▶ **TASK**
Please give the data again in full, exactly as provided.

▶ **PROVIDED DATA**
*** Begin section ***
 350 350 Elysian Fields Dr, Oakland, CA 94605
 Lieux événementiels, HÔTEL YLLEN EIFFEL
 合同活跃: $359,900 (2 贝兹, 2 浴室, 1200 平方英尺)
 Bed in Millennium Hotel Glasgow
*** End section ***
▶ **SOLUTION TO THE PROBLEM**
 350 350 Elysian Fields Dr, Oakland, CA 94605
 Lieux événementiels, HÔTEL YLLEN EIFFEL
 合同活跃: $359,900 (2 贝兹, 2 浴室, 1200 平方英尺)
 Bed in Millennium Hotel Glasgow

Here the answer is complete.